Inspiration

Minority and constructed languages — Esperanto, regional languages, endangered indigenous languages — survive because communities keep choosing to use them, and today that means showing up consistently on social media. But the organizations doing this work are almost always volunteer-run, with real, more consequential organizational work competing for the same few hours. As president of TEJO (Tutmonda Esperantista Junulara Organizo — World Esperanto Youth Organization), I watched good campaigns stall not for lack of ideas, but because nobody had 45 minutes to open a design tool, re-check the brand guidelines, and export three different sizes for three different platforms. That's a solvable problem, and it's the same problem facing every small language community doing this work with no design budget and no staff. We built this to solve it for Esperanto first, but the actual problem — and the actual fix — is generic to any minority language organization.

What it does

A team member posts a request in Slack — a language-learning tip, an event announcement, a "phrase of the week" — tags the bot, and gets back three ready-to-post designs sized for the web, square social platforms, and Instagram, each one automatically checked against the organization's brand guidelines before it ever reaches a human. No design software, no manual resizing, no one needing to remember what the brand colors are. What used to require someone with design skills and free time now takes one Slack message, which matters enormously for organizations that have neither to spare.

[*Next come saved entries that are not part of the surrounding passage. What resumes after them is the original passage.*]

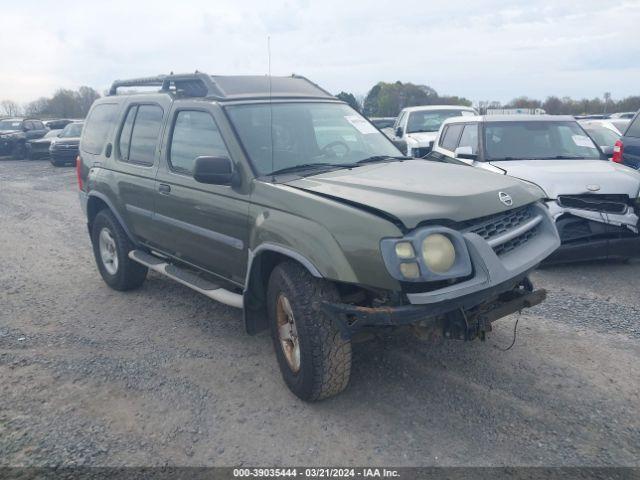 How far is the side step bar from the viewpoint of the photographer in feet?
13.4

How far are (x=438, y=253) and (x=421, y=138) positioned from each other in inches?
378

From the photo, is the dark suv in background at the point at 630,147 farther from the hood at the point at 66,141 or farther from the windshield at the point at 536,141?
the hood at the point at 66,141

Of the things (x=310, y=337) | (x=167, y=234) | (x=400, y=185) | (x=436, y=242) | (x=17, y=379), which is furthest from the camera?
(x=167, y=234)

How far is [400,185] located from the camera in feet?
11.5

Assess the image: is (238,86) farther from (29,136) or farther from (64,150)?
(29,136)

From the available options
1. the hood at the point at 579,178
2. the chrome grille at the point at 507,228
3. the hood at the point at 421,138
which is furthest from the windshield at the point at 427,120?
the chrome grille at the point at 507,228

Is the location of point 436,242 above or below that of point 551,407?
above

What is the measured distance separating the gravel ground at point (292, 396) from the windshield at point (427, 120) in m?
8.09

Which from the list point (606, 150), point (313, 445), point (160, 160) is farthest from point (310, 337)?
point (606, 150)

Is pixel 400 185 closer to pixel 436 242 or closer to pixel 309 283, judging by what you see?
pixel 436 242

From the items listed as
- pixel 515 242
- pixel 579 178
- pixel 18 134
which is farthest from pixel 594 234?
pixel 18 134

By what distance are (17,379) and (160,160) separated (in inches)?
80.1

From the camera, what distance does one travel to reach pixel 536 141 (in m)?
7.18

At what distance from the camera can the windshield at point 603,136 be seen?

At the moment, the bot is focused for our community, but could be easily adapted for other similar communities.

How we built it

A Google ADK multi-agent Workflow, connected to Slack via Socket Mode so it runs entirely from a volunteer's laptop or a free-tier VM with no public server required — an important constraint for organizations with no infrastructure budget:

A preparation agent reads the org's brand guidelines and logo set, and turns a plain-language request into a structured design brief. A design agent generates all three platform sizes as self-contained HTML/CSS, pulling free CC0 imagery and embedding the org's logo. An evaluator agent independently checks every generated file against the brand guidelines and sends it back for revision if anything's off — so quality control doesn't depend on a volunteer catching mistakes. A Slack agent delivers the finished designs straight into the requesting thread .

Challenges we ran into

The core challenge was making the output actually trustworthy on brand . That's why the evaluator-and-redo loop exists: compliance is enforced automatically..

Accomplishments that we're proud of

To build this in just a couple of days.

What we learned

A lot about MCP and Slack integration.

What's next for social media posts for minority languages

We want to further develop it and expand it to be useful not only for esperanto, but also for other minority languages and other similar organizations.